To gauge the economic effects of inflation, let us see what happens when a group of counterfeiters set about their work. Suppose the economy has a supply of 10,000 gold ounces, and counterfeiters, so cunning that they cannot be detected, pump in 2000 "ounces" more. What will be the consequences? First, there will be a clear gain to the counterfeiters. They take the newly-created money and use it to buy goods and services. In the words of the famous New Yorker cartoon, showing a group of counterfeiters in sober contemplation of their handiwork: "Retail spending is about to get a needed shot in the arm." Precisely. Local spending, indeed, does get a shot in the arm. The new money works its way, step by step, throughout the economic system. As the new money spreads, it bids prices up, as we have seen, new money can only dilute the effectiveness of each dollar. But this dilution takes time and is therefore uneven; in the meantime, some people gain and other people lose. In short, the counterfeiters and their local retailers have found their incomes increased before any rise in the prices of the things they buy. But, on the other hand, people in remote areas of the economy, who have not yet received the new money, find their buying prices rising before their incomes. Retailers at the other end of the country, for example, will suffer losses. The first receivers of the new money gain most, and at the expense of the latest receivers.

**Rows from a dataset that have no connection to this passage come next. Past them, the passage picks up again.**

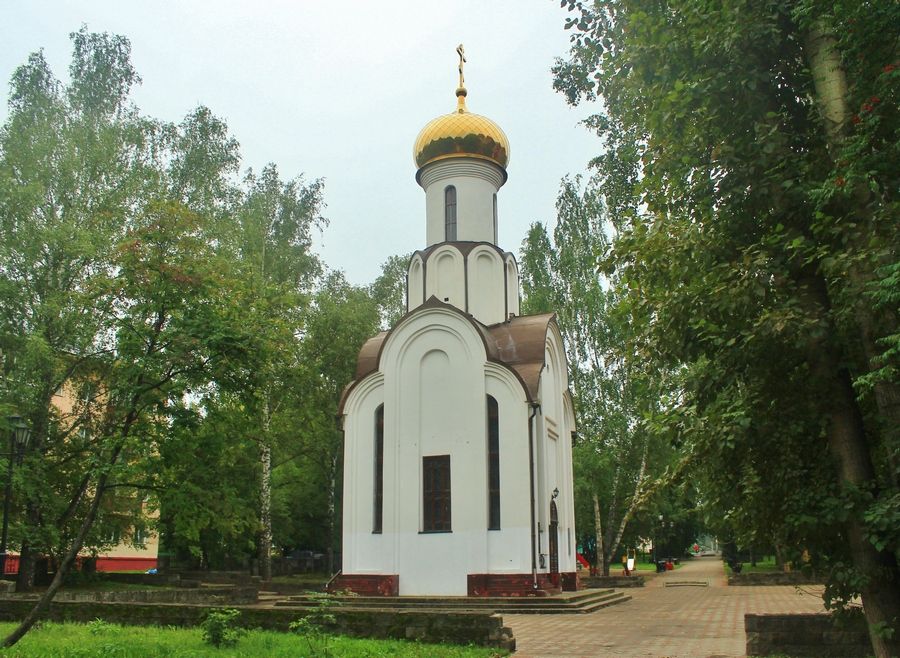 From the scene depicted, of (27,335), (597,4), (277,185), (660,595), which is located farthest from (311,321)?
(597,4)

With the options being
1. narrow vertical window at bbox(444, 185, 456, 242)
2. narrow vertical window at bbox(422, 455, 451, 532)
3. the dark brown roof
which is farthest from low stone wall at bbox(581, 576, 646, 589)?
narrow vertical window at bbox(444, 185, 456, 242)

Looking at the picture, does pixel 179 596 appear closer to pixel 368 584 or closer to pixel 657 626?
pixel 368 584

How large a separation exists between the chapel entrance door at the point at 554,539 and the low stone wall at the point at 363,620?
9242mm

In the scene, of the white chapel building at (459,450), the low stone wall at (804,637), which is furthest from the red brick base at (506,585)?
the low stone wall at (804,637)

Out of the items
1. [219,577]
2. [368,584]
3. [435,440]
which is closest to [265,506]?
[219,577]

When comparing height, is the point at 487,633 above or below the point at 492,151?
below

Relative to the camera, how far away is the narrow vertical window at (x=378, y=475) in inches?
763

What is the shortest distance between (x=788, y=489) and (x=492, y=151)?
1687 centimetres

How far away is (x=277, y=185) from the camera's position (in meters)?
28.8

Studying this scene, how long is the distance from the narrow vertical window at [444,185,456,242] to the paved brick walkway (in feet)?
35.3

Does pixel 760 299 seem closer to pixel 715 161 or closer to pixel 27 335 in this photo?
pixel 715 161

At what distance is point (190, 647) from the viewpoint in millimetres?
9477

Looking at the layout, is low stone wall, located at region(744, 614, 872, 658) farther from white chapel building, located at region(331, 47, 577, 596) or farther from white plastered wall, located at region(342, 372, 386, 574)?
white plastered wall, located at region(342, 372, 386, 574)

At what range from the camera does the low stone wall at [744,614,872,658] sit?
347 inches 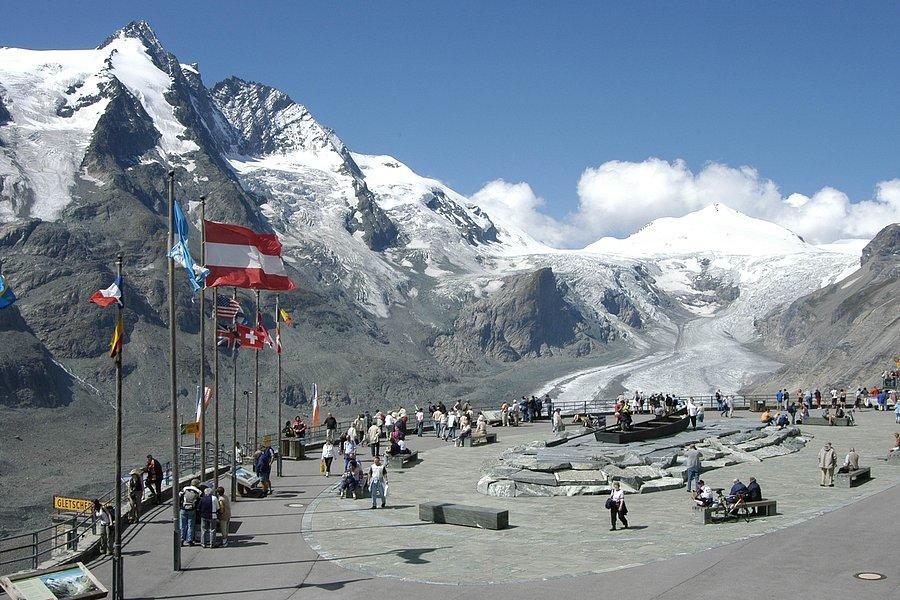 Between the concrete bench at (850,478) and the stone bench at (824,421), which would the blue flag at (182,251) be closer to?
the concrete bench at (850,478)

Inflation, then, confers no general social benefit; instead, it redistributes the wealth in favor of the first-comers and at the expense of the laggards in the race. And inflation is, in effect, a race, to see who can get the new money earliest. The latecomers, the ones stuck with the loss, are often called the "fixed income groups." Ministers, teachers, people on salaries, lag notoriously behind other groups in acquiring the new money. Particular sufferers will be those depending on fixed money contracts, contracts made in the days before the inflationary rise in prices. Life insurance beneficiaries and annuitants, retired persons living off pensions, landlords with long term leases, bondholders and other creditors, those holding cash, all will bear the brunt of the inflation. They will be the ones who are "taxed."

In our economy, the banks, the military-industrial complex, and other recipients of corporate welfare are the first-comers that benefit from the system. The middle class and the poor are the latecomers who lose out.

1 comment:

Eugene said...

Jon,

One more large group you forgot to mention - homeowners with fixed rate mortages benefit from inflation as well.